Once, on our way from Cheyenne to Casper, we discovered the snow gate across I-25 blocking our path at Wheatland. Again, unexpected motel and restaurant expenses mounted while we waited.

 

In South Dakota, we ran into snow between Sioux Falls and Platte. We crawled along 15 mph with our windows open to see the marker posts. Sharen kept watch on the passenger side while I tried to keep the intermittent center line in view. We prayed that traffic would see us, that we would not be rear-ended, nor suffer a head-on collision. In Platte, we collapsed in the only room to be obtained. The road was finally plowed but we found only one lane of traffic through drifts three times the height of our car.

 

One November, we headed north from Denver to join my parents, aunt and uncle in Cheyenne for Thanksgiving.

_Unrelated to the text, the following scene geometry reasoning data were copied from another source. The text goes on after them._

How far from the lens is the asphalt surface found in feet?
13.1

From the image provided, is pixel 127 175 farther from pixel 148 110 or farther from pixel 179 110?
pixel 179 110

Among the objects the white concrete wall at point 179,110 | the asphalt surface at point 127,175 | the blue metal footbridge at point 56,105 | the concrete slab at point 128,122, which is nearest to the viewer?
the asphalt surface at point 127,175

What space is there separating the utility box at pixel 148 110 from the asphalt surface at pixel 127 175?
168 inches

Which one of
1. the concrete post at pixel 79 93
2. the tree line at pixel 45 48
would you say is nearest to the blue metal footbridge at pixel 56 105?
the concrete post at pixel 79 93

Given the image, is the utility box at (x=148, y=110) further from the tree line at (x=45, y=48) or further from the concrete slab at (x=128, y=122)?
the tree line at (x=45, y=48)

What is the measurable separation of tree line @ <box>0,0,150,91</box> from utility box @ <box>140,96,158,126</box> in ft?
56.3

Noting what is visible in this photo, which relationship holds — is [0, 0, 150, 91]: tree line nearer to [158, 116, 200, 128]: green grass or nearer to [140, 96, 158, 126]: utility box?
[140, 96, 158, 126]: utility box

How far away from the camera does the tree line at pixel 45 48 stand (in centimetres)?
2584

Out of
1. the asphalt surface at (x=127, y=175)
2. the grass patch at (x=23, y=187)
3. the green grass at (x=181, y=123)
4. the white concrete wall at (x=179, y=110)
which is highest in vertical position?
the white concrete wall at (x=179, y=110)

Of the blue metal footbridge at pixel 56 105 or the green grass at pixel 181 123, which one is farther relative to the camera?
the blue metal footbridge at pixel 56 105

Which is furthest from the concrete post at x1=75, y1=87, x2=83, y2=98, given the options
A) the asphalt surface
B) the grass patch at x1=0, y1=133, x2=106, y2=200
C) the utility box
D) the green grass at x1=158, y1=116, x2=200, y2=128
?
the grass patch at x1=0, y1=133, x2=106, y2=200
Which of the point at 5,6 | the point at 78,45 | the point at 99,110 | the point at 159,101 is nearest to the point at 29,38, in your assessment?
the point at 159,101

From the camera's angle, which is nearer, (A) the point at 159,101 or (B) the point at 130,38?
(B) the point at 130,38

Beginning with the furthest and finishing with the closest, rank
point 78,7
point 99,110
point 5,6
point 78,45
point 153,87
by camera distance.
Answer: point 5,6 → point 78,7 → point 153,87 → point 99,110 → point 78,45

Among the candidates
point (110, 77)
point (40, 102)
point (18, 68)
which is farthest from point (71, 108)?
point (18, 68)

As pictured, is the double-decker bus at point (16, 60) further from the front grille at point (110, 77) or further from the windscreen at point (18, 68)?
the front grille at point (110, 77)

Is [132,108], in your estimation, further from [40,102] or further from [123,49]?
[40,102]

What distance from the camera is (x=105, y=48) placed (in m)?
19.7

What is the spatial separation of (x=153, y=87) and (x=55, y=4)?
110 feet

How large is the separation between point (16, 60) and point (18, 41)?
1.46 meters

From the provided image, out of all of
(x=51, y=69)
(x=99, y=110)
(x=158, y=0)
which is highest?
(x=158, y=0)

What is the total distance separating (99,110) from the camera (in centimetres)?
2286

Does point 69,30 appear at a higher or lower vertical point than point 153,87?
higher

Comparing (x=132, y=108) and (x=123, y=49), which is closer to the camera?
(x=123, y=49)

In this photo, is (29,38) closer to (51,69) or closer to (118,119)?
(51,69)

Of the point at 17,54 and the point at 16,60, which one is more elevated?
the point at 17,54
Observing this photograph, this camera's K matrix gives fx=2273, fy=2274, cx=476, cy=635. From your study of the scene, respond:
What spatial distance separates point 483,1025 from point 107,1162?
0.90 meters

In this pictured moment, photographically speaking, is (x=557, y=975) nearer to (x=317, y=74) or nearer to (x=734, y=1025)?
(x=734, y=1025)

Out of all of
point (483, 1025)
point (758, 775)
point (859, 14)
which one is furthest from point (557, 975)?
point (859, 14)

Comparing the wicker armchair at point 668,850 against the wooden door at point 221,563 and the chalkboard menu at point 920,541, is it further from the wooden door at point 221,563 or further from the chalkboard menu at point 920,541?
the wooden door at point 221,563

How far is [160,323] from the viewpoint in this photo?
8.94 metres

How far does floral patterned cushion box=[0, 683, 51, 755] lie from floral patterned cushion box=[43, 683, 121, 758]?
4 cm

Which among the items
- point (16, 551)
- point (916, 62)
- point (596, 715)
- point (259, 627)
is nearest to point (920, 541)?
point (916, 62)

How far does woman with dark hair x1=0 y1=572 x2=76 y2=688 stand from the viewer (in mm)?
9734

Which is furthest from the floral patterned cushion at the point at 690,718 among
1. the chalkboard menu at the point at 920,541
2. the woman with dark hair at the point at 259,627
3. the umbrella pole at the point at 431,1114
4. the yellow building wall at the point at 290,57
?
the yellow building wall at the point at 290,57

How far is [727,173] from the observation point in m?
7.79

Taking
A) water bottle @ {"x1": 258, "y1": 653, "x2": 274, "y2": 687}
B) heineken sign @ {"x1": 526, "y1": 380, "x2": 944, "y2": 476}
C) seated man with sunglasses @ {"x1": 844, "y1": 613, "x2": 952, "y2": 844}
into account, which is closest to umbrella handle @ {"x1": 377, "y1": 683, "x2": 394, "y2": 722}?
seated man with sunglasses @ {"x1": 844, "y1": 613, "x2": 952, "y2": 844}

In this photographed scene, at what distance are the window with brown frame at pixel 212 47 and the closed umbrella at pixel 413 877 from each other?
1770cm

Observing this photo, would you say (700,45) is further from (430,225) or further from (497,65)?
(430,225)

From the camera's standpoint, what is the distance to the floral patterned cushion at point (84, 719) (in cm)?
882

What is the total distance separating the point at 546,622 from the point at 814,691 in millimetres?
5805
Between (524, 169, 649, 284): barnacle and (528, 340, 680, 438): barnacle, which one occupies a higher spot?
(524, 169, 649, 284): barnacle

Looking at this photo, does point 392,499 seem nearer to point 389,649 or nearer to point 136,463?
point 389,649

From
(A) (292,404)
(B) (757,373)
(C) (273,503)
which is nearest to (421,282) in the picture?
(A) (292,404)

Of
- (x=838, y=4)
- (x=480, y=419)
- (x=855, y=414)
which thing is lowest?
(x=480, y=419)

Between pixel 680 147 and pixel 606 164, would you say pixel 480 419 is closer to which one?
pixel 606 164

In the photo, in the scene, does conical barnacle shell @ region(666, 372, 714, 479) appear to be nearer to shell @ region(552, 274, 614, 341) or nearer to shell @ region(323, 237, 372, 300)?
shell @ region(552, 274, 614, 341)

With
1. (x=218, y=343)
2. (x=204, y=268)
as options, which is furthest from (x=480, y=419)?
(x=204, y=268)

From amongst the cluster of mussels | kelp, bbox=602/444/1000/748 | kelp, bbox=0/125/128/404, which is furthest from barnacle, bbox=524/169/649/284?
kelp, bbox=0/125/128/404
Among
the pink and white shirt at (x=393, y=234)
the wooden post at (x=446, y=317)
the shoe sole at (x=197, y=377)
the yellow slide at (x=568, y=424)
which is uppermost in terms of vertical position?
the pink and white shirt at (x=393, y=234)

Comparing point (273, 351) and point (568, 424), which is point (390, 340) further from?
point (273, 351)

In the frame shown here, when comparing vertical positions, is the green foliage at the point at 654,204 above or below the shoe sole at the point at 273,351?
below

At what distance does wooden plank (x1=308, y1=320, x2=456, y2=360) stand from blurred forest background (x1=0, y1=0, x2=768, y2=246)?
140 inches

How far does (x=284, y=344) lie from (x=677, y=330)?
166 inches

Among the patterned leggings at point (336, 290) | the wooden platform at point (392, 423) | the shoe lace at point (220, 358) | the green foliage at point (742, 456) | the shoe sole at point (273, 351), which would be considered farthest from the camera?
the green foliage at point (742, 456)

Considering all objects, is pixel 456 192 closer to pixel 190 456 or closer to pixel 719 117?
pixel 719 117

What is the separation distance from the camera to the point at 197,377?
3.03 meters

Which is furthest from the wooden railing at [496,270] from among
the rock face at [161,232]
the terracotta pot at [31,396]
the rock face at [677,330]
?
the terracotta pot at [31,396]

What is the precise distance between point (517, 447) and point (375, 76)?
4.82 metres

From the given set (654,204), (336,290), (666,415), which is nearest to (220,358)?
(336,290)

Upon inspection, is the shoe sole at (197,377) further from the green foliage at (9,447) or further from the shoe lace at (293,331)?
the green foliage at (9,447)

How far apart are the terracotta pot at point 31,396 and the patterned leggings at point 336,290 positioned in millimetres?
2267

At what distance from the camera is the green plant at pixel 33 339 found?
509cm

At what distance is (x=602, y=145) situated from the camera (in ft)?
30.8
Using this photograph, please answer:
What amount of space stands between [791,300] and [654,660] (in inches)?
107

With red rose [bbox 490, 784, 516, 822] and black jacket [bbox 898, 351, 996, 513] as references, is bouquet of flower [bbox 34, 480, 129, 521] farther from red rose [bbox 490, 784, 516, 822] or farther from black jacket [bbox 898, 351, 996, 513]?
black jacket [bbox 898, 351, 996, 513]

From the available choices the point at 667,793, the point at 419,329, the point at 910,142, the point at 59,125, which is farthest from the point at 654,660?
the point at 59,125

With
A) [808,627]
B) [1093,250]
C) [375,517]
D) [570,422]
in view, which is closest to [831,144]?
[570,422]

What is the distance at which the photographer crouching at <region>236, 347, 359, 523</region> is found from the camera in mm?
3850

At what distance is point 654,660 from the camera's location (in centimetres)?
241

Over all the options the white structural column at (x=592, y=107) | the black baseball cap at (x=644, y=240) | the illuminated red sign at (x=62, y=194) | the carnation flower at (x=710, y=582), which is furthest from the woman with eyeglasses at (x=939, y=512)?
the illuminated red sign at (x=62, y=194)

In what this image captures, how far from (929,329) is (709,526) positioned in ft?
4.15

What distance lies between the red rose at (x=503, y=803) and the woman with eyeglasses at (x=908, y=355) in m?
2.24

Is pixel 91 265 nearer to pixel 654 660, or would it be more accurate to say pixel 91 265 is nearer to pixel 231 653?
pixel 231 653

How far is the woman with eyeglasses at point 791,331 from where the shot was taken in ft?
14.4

We stopped in Northglenn to pick up a few items at about sundown. Snow started falling as we left there. Approaching Loveland, I found my van losing traction on every slight rise in the road, and decided we’d better stop and wait for daylight. Our furnace in the trailer had been cantankerous, and we knew it might not heat properly. At Johnson’s Corner, a new campground was under construction. Snow was piling up relentlessly, so I navigated toward the main building trying to maintain speed, hoping to plug in and utilize our space heater. We spun out and halted, stuck in a drift. I retrieved 25 and 50 foot extension cords, strung them end to end through the snow, and barely reached an outlet on the veranda of the building. Praise God! It worked. Next morning, snow was drifted to the roof of the trailer. I walked to the truck stop and phoned my parents. (Aren’t cell phones a blessing?) I scooped snow and got the van out, leaving the trailer and a note to the campground proprietor. Sharen counted 104 cars wrecked or abandoned between there and Cheyenne. In Cheyenne, we walked through waist high snow the last half mile to our destination.

 

Anyone have ideas about my wife’s stress-related health problems?  Yes, we’ve known stress, but the amazing thing is that God has carried us safely through many dangers, toils, and snares!